AI Engine Tile Architecture

AI Engine Tile Architecture - 2020.2 English

Versal ACAP AI Engine Programming Environment User Guide (UG1076)

Document ID

UG1076

Release Date

2020-11-24

Version

2020.2 English

The AI Engine array consists of a 2D array of AI Engine tiles, where each AI Engine tile contains an AI Engine, memory module, and tile interconnect module. An overview of such an AI Engine tile is shown in the following figure.

AI Engine: Each AI Engine is a very long instruction word (VLIW) processor containing a scalar unit, a vector unit, two load units, and a single store unit.
AI Engine Tile: An AI Engine tile contains an AI Engine, a local memory module together with several communication paths to facilitate data exchange between tiles.
AI Engine Array: AI Engine array refers to the complete 2D array of AI Engine tiles.
AI Engine Program: The AI Engine program consists of a data-flow graph specification which is written in C/C++. This program is compiled and executed using the AI Engine tool chain.
AI Engine Kernels: Kernels are written in C/C++ using AI Engine vector data types and intrinsic functions. These are the computation functions running on an AI Engine.
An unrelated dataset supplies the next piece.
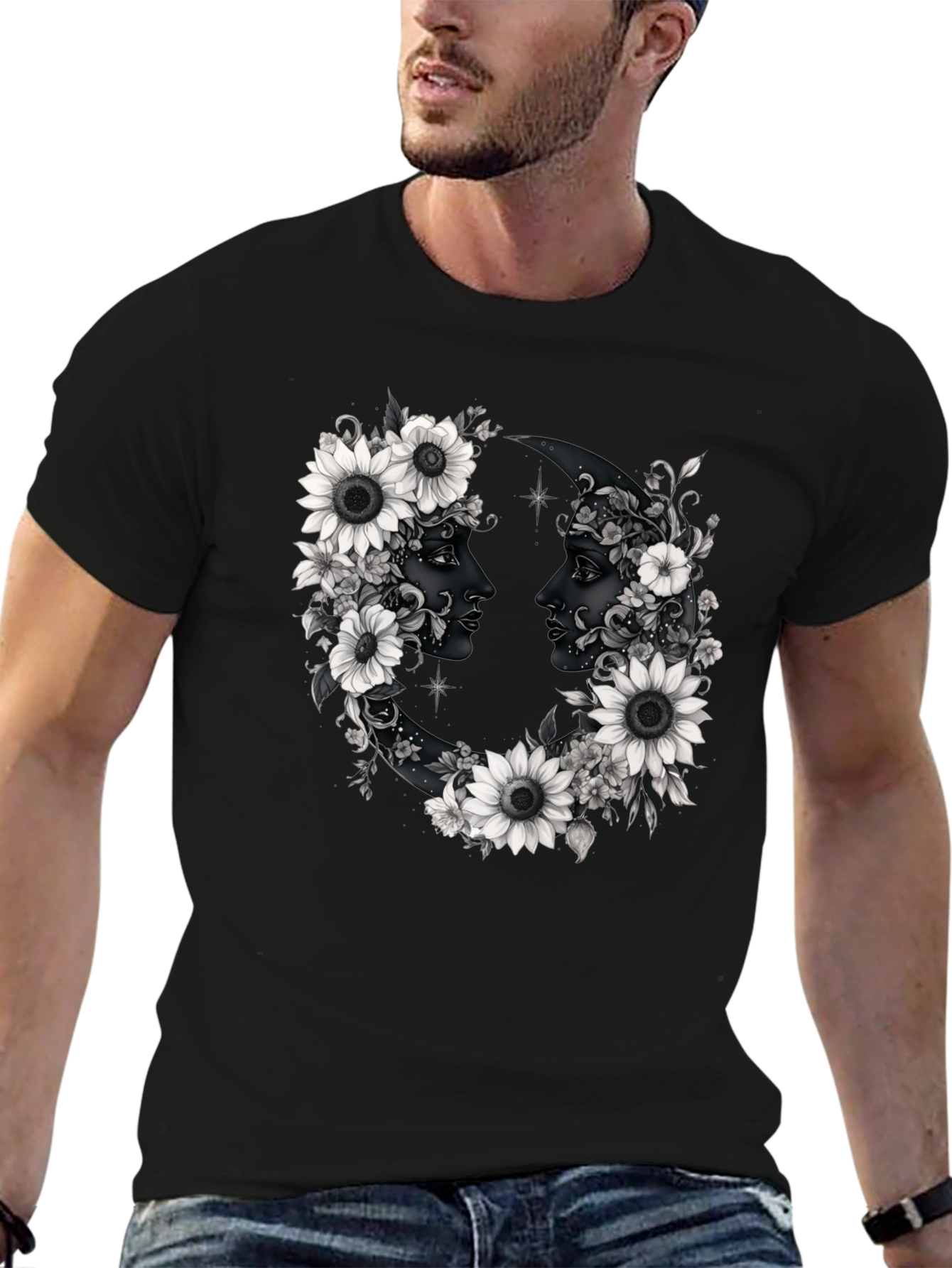 Floral Moon Faces Graphic Tee - Black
The kernels form the fundamental building blocks of a data-flow graph specification.

Figure 1. AI Engine Tile Block Diagram

The following illustration is the architecture of a single AI Engine.

Figure 2. AI Engine

Each AI Engine is a very long instruction word (VLIW) processor containing a scalar unit, a vector unit, two load units, and one store unit. The main compute power is provided by the vector unit. The vector unit contains a fixed-point unit with 128 8-bit fixed-point multipliers and a floating-point unit with eight single-precision floating-point multipliers. The vector registers and permute network are shared between the floating-point and fixed-point vector units. The peak performance depends on the size of the data types used by the operands. The following table provides the number of MAC operations that can be performed by the vector processor per instruction.
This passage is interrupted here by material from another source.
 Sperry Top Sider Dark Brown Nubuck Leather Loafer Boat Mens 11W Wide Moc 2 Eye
Table 1. Supported Precision Bit Width of the Vector Datapath
X Operand	Z Operand	Output	Number of MACs
8 real	8 real	48 real	128
16 real	8 real	48 real	64
16 real	16 real	48 real	32
16 real	16 complex	48 complex	16
16 complex	16 real	48 complex	16
16 complex	16 complex	48 complex	8
16 real	32 real	48/80 real	16
16 real	32 complex	48/80 complex	8
16 complex	32 real	48/80 complex	8
16 complex	32 complex	48/80 complex	4
32 real	16 real	48/80 real	16
32 real	16 complex	48/80 complex	8
32 complex	16 real	48/80 complex	8
32 complex	16 complex	48/80 complex	4
32 real	32 real	80 real	8
32 real	32 complex	80 complex	4
32 complex	32 real	80 complex	4
32 complex	32 complex	80 complex	2
32 SPFP	32 SPFP	32 SPFP	8

To calculate the maximum performance for a given datapath, it is necessary to multiply the number of MACs per instruction with the clock frequency of the AI Engine kernel. For example, with 16-bit input vectors X and Z, the vector processor can achieve 32 MACs per instruction. Using the clock frequency for the slowest speed grade results in:

32 MACs * 1 GHz clock frequency = 32 Giga MAC operations/second

In most cases, 32 MACs/instruction remains a theoretical upper bound because the algorithm to be implemented cannot continuously use the full capabilities of the AI Engine or might be constrained by I/O bandwidth.
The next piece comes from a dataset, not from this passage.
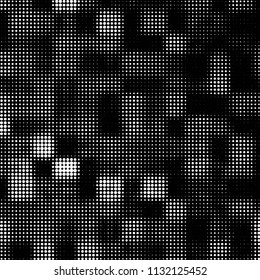 Spotted black and white grunge vector line background. Abstract halftone illustration background. Grunge grid polka dot background pattern
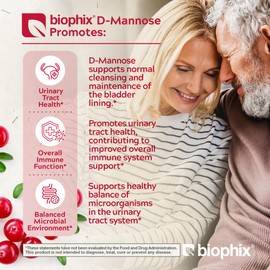 biophix D-Mannose USDA Organic 1500 mg 200 Veggie Caps - Supports a Healthy Bladder Urinary Tract, Non-GMO, Vegan-Friendly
The main I/O interfaces with respect to reading and writing data to and from the AI Engine for compute are the data memory interfaces, the stream interfaces, and the cascade stream interfaces. A complete list of interfaces including the program memory interface and debug interface are available in Versal ACAP AI Engine Architecture Manual (AM009).

Recommended: Xilinx highly recommends reading Versal ACAP AI Engine Architecture Manual (AM009) prior to starting your AI Engine kernel programming.

The data memory interface sees one contiguous memory consisting of the data memory modules in all four directions with a total capacity of 128 KB. The AI Engine has two 256-bit wide-load units and one 256-bit wide-store unit.
The AI Engine has two 32-bit input AXI4-Stream interfaces and two 32-bit output AXI4-Stream interfaces. Each of these streams allow the AI Engine to have a 128-bit access every four clock cycles or a 32-bit wide access per cycle.
The 384-bit accumulator data from one AI Engine can be forwarded to the neighboring AI Engine by using the cascade stream interfaces to form a chain. The cascade stream interface is uni-directional and its direction depends on the row where the AI Engine is located. There is a small, two deep, 384-bit wide FIFO on both the input and output streams that allow storing up to four values between AI Engines. Each cycle 384-bits can be sent and received by the chained AI Engines.

The program memory size on the AI Engine is 16 KB, which allows storing 1024 instructions of 128-bit each. The AI Engine instructions are 128-bits wide and support multiple instruction formats and variable length instructions to reduce the program memory size. Many instructions outside of the optimized inner loop can use the shorter formats.